A verbatim transcript of the data that follows, free of images, is the expected result.

## DATA BLOCK
• • • • • • •

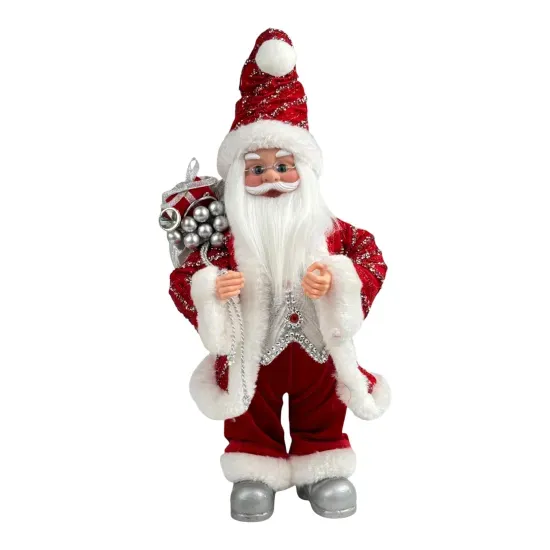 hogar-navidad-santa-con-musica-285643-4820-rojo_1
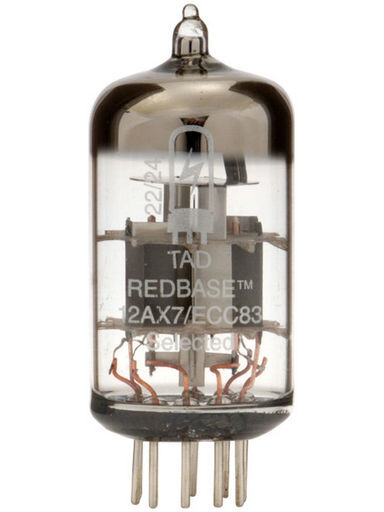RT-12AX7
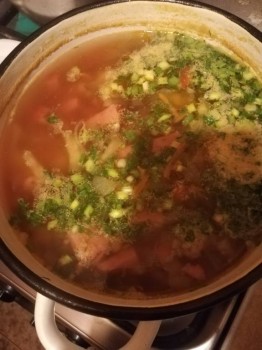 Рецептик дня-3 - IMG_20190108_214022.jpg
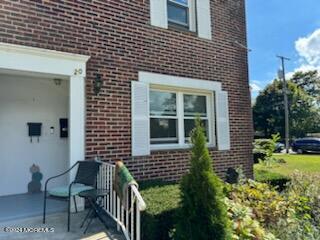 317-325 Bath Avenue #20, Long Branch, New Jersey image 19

• • • • • • •

## RESPONSE AREA
 hogar-navidad-santa-con-musica-285643-4820-rojo_1
RT-12AX7
 Рецептик дня-3 - IMG_20190108_214022.jpg
 317-325 Bath Avenue #20, Long Branch, New Jersey image 19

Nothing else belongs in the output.